» **Scraped caption text data**:
######

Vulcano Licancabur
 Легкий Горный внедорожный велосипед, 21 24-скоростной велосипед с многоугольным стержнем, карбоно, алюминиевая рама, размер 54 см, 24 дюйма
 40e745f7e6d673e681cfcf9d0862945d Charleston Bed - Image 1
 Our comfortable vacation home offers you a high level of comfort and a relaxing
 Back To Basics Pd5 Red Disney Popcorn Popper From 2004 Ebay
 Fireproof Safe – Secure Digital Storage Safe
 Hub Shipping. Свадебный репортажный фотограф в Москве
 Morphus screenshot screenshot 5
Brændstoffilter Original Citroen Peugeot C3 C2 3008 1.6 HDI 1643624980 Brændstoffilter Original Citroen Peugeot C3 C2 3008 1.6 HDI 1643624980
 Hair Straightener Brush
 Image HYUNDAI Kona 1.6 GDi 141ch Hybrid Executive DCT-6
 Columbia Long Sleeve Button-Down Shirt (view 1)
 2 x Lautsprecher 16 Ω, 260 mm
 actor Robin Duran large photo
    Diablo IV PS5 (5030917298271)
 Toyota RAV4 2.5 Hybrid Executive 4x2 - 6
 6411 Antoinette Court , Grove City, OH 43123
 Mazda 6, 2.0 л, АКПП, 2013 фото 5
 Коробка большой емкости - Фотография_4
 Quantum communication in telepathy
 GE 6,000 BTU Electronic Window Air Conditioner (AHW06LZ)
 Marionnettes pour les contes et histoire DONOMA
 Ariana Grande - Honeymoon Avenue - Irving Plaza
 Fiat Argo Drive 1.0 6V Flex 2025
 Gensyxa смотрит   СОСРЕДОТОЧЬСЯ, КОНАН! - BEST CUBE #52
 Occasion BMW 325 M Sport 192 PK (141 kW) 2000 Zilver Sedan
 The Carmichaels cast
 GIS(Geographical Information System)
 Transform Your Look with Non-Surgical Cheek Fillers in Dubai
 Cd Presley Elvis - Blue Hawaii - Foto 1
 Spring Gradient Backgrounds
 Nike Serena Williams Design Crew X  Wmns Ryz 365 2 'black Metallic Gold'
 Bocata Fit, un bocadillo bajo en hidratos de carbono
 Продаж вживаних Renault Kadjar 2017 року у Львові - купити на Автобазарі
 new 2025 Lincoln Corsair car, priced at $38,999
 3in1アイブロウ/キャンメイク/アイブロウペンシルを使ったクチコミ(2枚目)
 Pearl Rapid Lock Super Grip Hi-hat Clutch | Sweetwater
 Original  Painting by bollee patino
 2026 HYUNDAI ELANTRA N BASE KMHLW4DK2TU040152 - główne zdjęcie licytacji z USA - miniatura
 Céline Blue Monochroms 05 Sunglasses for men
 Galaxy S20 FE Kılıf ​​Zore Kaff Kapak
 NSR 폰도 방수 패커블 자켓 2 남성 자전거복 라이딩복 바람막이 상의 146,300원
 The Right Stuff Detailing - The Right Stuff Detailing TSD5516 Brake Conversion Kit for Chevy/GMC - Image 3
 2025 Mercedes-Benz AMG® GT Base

######

» **Exercise description**:
Could you output, exactly and with nothing else, the lines from the start of the records through the line containing "Quantum communication in telepathy"?

» **Solution to this exercise**:
Vulcano Licancabur
 Легкий Горный внедорожный велосипед, 21 24-скоростной велосипед с многоугольным стержнем, карбоно, алюминиевая рама, размер 54 см, 24 дюйма
 40e745f7e6d673e681cfcf9d0862945d Charleston Bed - Image 1
 Our comfortable vacation home offers you a high level of comfort and a relaxing
 Back To Basics Pd5 Red Disney Popcorn Popper From 2004 Ebay
 Fireproof Safe – Secure Digital Storage Safe
 Hub Shipping. Свадебный репортажный фотограф в Москве
 Morphus screenshot screenshot 5
Brændstoffilter Original Citroen Peugeot C3 C2 3008 1.6 HDI 1643624980 Brændstoffilter Original Citroen Peugeot C3 C2 3008 1.6 HDI 1643624980
 Hair Straightener Brush
 Image HYUNDAI Kona 1.6 GDi 141ch Hybrid Executive DCT-6
 Columbia Long Sleeve Button-Down Shirt (view 1)
 2 x Lautsprecher 16 Ω, 260 mm
 actor Robin Duran large photo
    Diablo IV PS5 (5030917298271)
 Toyota RAV4 2.5 Hybrid Executive 4x2 - 6
 6411 Antoinette Court , Grove City, OH 43123
 Mazda 6, 2.0 л, АКПП, 2013 фото 5
 Коробка большой емкости - Фотография_4
 Quantum communication in telepathy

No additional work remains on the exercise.